I would like to think that today, the situations that surround multiracial children are more positive and involve two consenting adults that came together because of love, or at least some form of attraction.  A lot of these couples came together despite opposition from society and family.  I feel we must acknowledge our parents and what they went through to bring us into this world.

My mom and dad met after the Vietnam War era.  My dad was in the military, my mom was a cute Taiwanese girl that spoke English.   They met, fell in love, and were married.  My maternal grandfather refused to go to the wedding ceremony.  Thus begins the first challenge of their joined lives.  

Then, the children came.  And from then on, it had been a fun little trip through life.  Both of my parents have had challenges.  My mom had to move to a western country with different customs, a different language, and the people had very little knowledge of her native culture.  

My dad's challenges perhaps were more internal.  He felt the weight of bringing his wife to the new country, felt the weight of providing for her and protecting her from the part of society that didn't condone their marriage.  

As a couple, one of the hardest challenges would have been socially.  Most of my parent's friends are couples like them, American husbands with Taiwanese wives (mostly my mom's friends and their husbands).  There have been a few all American couples and a few all Taiwanese/Chinese couples that they have been able to befriend, but in general, the social group has been like them, and there aren't very many couples like that.  Perhaps this would not be a challenge to couples that were both raised in the same country but different racial backgrounds.

Other challenges involve the children.  My mother came from a traditional chinese background.  The role of parent and child are very different than in America.  She came into motherhood with her childhood experiences, but she was now raising American children.  I remember growing up and she would tell me, "I would NEVER talk to my mom that way," or "I always did whatever my mother asked right away, no questions."  My young American brain would constantly reply, "Whatever, mom."  

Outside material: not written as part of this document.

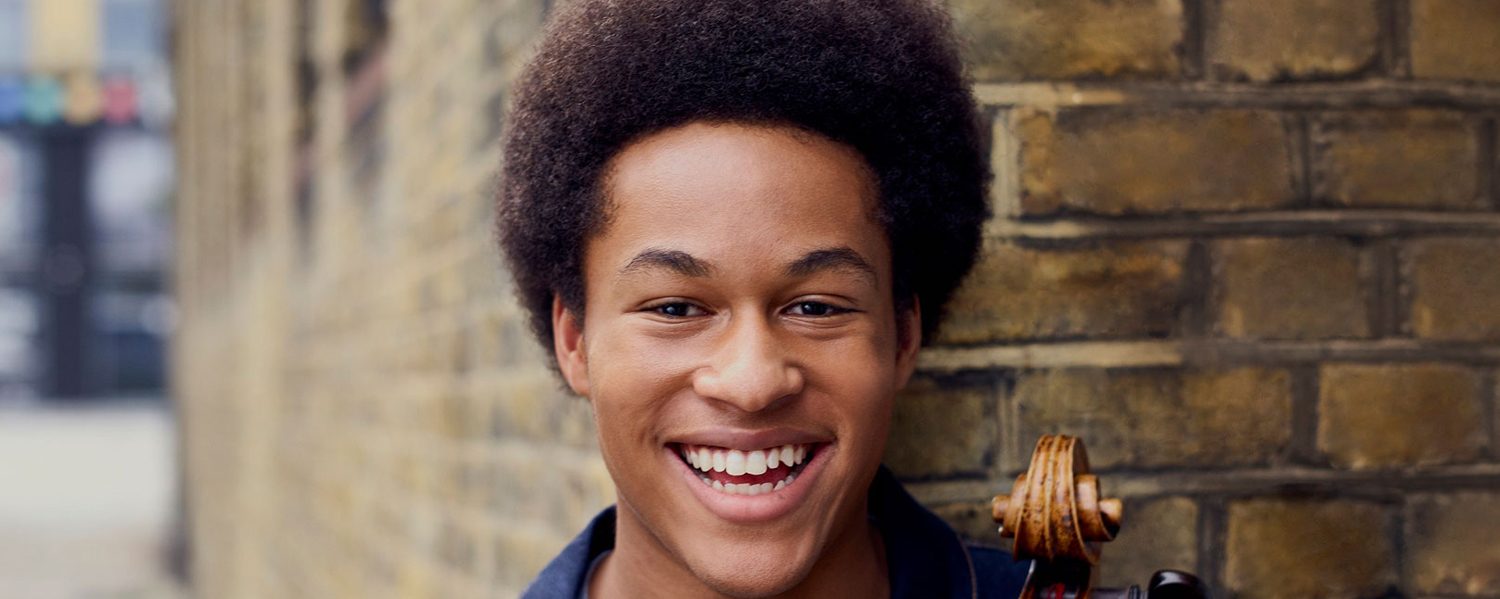 bbc philharmonic 2018 19 concert season at the bridgewater hall bbc christmas specials 2019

Then, I went to Taiwan.  I saw parent-child relationships.  There were some things I liked about it, and some things I didn't like about it.  But, I learned that my mom was right.  She probably didn't ever speak to her mom like I spoke to her.  She had to deal with these outspoken rebellious children in an outspoken and rebellious society.  She was a Taiwanese woman that had to raise American kids.  

My dad's challenge with the kids was similar to his challenge with his wife.  Making sure they felt secure, felt loved, and helping them navigate through society with self esteem and identity.  Sometimes, I think that in his challenge to help us find our identity, he had to lose his, just a little.  

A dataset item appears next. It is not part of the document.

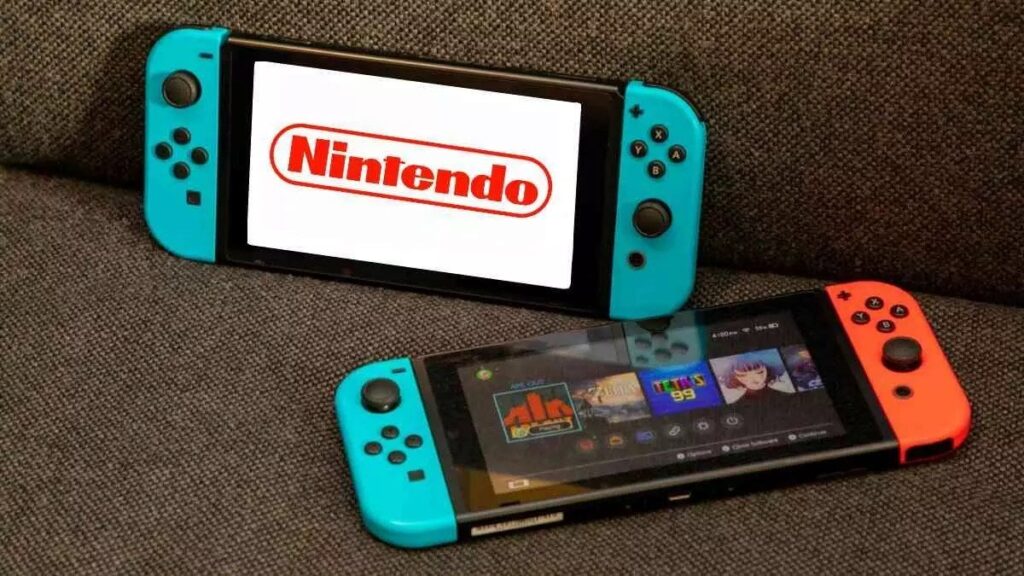 Switch 2 Will Be Easy To Find - 10 million of next-gen consoles reported to be made in initial FY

There are still sacrifices.  There are still trials.  But, there are also the rewards.


"Recent research has shown that multiracial children do not differ from other children in self-esteem, comfort with themselves, or number of psychiatric problems.  Also, they tend to be high achievers with a strong sense of self and tolerance of diversity."

(See Mom and Dad? Your sacrifice has created greater sense of self and tolerance of diversity in your children, in your children's children, in those that know you, and in those that know them.  And doesn't stop here.  That will continue for generations and generations.  I know your sacrifice and the trials you faced, and I hope you feel in your hearts that it was worth it, because I know it was.) 

What challenges did your parents face?  What is the legacy of their sacrifice?  What reward (if any) do you feel your parents gained from living as a bi-racial couple?  

1 comment:

  1. Hmm, I both agree and disagree with AACAP. I definitely did not have high self-esteem when I was young and wondered where I belonged. To the caucasian kids, I was the "brown girl" and people didn't want to sit by me. Yet I feel like I didn't have enough culture to fit in with either the Japanese or Hawaiian groups (not that there were any where I grew up, anyway).

    But, I definitely agree with the last part of what they said. As I've grown up, that is me to a tee.

    My upbringing was good for me. I wouldn't change who I am for a second (except maybe I went a teeny bit overboard with the Type A personality).

    I've definitely got an interesting story for you, but much, much too extreme to post here.